One look and it’s pretty obvious — Raimon Barela is small. Next to some of his teammates — namely 6-foot-4 defensive end Logan George or 6-foot-6 tight end Mason Mickelsen or, heck, even Highland coach Gino Mariani — Barela can get lost.
Let’s compare his 5-foot-4, 115-pound frame to a car. Nothing crazy there. Every day, you see a car. No big deal. If you saw a car on a football field, though, it may cause a double-take, a befuddled look that leads to some sort of question along the lines of, “Um, is that supposed to be there?”
Who knows about the car, but Barela is definitely supposed to be on the gridiron.
And the Rams — ranked No. 4 in 5A in the latest media poll — are glad he is. On just 20 catches, the junior leads Highland’s wide receiver corps with 404 yards and a half-dozen touchdowns.
“I’ll tell you what, for his size, what he brings to the table, it’s incredible,” Mariani said. “If you’re going to take him one-on-one, he makes it difficult on defenders because he’s got that quickness to get around you and enough speed to get by you.”
At first, most people don’t believe that. Cornerbacks will line up against him, see they’ve got a few inches on their matchup and assume he’s a scrub. They’ll roll their eyes, press him and think he’ll drop like a coat rack on initial contact.
One time, back when he was just out of elementary school and standing around 5-foot-2, Barela attended a seven-on-seven tournament with Highland’s junior varsity squad. Like has happened so many times before and will many times in the future, a defensive back saw that he was covering a receiver who came up to his shoulder pads.
Naturally, and naively, cockiness took over.
“He went to bump me and I just swam him and made my route,” Barela said, referring to the swim technique. “Afterwards I was walking back and he goes, ‘Gosh, you’re quick.’ and I was like, ‘Thanks.’ I laughed because he knew I burned him.”

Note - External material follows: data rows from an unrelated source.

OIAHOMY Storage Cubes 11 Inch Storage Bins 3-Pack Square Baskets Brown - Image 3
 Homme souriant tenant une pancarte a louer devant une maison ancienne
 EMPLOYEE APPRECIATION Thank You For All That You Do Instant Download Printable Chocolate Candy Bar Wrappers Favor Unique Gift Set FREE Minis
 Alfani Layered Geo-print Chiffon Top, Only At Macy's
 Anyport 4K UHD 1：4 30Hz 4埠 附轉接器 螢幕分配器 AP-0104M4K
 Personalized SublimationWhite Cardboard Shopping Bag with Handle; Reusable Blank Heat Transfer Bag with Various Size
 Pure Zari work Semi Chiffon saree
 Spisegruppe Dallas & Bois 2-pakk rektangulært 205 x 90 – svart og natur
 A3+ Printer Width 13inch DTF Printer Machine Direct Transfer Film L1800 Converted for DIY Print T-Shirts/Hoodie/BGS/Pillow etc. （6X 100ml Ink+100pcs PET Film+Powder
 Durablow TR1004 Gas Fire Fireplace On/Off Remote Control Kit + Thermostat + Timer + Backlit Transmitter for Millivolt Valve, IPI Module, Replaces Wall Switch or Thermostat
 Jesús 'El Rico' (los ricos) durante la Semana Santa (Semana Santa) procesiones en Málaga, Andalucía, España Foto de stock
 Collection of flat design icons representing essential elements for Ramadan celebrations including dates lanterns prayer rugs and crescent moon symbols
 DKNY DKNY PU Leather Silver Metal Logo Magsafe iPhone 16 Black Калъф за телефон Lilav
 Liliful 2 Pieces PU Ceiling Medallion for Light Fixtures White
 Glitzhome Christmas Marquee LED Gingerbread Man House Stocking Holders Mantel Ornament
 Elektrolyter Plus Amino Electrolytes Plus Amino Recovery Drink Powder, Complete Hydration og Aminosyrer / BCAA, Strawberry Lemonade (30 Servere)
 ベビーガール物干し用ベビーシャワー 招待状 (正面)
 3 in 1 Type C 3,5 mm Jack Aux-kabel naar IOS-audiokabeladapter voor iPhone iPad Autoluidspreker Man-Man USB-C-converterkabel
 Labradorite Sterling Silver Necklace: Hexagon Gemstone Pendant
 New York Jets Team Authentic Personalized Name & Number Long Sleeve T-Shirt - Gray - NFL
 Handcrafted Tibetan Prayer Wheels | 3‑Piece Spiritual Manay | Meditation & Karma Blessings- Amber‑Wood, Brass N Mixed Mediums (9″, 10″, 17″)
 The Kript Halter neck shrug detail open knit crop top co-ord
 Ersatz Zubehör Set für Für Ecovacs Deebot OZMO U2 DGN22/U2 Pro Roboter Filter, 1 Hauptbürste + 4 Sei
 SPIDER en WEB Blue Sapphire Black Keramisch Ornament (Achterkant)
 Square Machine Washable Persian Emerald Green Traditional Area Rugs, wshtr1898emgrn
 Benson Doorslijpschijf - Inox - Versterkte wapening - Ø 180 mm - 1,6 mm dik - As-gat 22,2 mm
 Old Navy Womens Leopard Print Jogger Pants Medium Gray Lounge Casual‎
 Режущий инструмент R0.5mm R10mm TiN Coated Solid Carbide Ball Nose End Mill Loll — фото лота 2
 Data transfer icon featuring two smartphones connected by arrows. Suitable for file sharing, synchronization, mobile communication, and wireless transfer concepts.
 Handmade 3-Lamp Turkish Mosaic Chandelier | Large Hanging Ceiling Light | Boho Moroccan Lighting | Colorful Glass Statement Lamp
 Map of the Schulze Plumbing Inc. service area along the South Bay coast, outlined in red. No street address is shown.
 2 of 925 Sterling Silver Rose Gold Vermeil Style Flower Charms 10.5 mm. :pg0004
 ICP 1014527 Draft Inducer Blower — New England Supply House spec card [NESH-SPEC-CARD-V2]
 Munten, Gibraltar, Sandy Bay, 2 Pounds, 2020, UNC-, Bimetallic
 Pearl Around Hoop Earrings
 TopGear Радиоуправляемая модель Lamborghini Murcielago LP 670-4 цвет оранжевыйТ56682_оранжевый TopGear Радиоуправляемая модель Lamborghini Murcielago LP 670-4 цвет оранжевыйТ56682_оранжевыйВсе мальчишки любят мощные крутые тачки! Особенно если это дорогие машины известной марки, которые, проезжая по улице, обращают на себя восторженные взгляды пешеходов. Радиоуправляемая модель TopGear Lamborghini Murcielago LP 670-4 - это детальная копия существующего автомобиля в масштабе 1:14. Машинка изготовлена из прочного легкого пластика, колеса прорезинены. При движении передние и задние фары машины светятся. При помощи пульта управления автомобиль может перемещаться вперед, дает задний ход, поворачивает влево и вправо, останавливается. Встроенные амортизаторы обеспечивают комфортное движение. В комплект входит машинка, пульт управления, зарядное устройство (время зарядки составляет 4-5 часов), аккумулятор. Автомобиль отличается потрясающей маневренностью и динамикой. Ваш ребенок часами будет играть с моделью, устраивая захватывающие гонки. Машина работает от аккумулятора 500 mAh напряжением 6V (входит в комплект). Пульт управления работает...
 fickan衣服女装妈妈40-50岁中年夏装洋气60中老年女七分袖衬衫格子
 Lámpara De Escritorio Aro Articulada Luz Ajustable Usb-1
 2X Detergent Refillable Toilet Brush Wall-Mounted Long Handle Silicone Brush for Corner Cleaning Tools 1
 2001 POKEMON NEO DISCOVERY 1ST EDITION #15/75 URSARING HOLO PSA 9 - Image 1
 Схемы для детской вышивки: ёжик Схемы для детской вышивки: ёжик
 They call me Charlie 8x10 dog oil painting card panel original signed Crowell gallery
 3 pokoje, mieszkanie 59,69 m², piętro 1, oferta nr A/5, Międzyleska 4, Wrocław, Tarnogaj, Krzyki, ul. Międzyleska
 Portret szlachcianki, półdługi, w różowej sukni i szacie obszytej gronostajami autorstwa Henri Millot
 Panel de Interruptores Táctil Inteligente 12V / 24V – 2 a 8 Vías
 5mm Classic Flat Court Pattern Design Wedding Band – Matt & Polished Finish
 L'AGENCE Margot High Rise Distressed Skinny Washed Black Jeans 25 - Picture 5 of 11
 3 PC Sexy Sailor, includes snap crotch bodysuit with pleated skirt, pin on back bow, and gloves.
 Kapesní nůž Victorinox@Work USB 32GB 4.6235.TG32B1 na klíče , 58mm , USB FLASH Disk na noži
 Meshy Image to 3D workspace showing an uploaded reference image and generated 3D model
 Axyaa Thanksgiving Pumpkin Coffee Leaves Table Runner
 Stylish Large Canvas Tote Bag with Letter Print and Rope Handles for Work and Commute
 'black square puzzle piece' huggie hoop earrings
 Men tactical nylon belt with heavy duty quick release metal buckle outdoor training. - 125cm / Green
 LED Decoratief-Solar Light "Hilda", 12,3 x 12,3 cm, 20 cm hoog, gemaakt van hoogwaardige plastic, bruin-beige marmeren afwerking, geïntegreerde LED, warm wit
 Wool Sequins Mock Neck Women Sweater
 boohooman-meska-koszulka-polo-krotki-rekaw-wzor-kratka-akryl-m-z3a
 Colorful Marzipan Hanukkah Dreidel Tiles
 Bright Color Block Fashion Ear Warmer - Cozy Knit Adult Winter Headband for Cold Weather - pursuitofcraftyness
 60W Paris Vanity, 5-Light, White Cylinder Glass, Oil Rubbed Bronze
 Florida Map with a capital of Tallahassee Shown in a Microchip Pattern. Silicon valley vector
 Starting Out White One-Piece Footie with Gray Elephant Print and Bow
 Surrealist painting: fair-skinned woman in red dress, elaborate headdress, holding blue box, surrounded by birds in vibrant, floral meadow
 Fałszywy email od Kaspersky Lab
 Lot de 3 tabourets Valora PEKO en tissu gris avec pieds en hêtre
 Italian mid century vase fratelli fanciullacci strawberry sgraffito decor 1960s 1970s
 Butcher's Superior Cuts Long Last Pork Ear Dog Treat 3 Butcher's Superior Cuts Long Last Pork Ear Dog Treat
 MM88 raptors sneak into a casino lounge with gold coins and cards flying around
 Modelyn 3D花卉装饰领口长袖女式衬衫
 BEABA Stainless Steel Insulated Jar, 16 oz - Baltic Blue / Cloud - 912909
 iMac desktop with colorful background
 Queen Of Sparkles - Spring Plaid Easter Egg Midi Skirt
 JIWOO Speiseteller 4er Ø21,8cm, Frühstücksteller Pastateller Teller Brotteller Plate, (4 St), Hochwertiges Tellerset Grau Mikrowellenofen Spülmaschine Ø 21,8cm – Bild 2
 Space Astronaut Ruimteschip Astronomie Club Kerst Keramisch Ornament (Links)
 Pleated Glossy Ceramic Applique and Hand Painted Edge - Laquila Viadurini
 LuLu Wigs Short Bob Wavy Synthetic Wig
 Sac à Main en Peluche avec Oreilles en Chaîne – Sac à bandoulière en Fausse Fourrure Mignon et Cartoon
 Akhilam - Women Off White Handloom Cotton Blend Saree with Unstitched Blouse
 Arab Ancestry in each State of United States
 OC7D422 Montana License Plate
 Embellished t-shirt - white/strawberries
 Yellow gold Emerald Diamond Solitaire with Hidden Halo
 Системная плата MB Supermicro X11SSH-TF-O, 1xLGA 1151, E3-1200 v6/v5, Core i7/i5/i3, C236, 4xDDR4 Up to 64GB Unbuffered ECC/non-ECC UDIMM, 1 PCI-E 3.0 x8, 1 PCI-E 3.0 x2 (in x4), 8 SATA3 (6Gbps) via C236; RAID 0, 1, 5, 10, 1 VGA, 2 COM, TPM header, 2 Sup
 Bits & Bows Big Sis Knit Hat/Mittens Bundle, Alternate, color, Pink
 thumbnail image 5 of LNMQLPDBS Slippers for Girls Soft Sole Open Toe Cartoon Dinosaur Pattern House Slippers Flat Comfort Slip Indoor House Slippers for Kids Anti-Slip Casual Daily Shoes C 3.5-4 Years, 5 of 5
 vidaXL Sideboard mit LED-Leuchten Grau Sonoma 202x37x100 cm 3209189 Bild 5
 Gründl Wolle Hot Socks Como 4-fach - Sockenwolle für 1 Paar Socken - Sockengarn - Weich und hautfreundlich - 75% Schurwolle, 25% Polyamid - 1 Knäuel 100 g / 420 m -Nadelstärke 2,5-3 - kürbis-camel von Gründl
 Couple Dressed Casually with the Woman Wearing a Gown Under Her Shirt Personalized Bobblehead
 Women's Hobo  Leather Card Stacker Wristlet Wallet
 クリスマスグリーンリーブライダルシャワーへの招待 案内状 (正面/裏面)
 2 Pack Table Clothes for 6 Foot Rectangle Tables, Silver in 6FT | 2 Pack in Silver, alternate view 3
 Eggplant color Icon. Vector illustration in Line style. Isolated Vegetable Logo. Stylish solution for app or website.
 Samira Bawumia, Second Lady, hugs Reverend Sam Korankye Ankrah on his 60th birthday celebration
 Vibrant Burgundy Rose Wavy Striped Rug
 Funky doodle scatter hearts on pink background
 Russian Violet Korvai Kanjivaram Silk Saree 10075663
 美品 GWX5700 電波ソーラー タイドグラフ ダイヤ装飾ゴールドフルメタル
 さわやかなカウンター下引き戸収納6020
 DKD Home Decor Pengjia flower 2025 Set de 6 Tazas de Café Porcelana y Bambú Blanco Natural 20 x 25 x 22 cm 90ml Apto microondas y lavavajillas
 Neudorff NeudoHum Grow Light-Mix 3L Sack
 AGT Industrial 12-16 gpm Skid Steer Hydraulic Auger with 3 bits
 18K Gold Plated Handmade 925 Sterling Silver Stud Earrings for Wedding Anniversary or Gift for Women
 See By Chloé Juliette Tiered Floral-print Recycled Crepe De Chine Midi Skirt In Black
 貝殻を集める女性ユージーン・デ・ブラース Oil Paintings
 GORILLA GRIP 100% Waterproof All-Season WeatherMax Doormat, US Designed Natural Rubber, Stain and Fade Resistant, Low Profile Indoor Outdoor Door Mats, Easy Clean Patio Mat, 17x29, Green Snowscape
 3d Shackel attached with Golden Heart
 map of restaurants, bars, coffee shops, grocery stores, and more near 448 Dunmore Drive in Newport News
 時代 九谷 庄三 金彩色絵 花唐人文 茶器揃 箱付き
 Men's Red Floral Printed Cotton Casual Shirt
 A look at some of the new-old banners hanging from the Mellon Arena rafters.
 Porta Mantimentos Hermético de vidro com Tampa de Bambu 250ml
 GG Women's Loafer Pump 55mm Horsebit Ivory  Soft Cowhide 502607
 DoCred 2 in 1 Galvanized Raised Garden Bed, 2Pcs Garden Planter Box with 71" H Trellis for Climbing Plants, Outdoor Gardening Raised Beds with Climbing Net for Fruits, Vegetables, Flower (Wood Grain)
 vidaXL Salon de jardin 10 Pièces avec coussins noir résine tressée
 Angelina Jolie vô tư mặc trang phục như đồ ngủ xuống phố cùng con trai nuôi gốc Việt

Even now, with loads of film on Barela and the surprise of his height mitigated, he still makes plays. Last week, with the Rams trailing against Skyview, the 5-foot-4 wideout twice snared touchdown catches from senior quarterback Easton Durham to put his team back on top in an eventual 38-23 win.
“He’s just a little dude that gets open,” Durham said of Barela. “(As a defender), you’d look around and be like, ‘Who’s this kid?’ All of the sudden, he’d blow past you. You don’t want to press him.”
Apparently, Durham noted, the other thing you don’t want to do against Barela is block him.
“He’s just a bulldog,” Durham said.
Mariani agreed. Somehow, someway, Barela gets it done. Sure, he has to throw his hands on guys with six inches and 60 pounds on him. He’ll do it with a grin and cease the momentum of any defender headed his way. It’s a remarkable sight that seems to defy physics.
The trick, he said, is let the big bodies charge at him. Not vice versa. He wants to absorb their first strike, then he’ll whisk his hands out to their pads, chop his feet like he’s dicing onions and “stand my ground.”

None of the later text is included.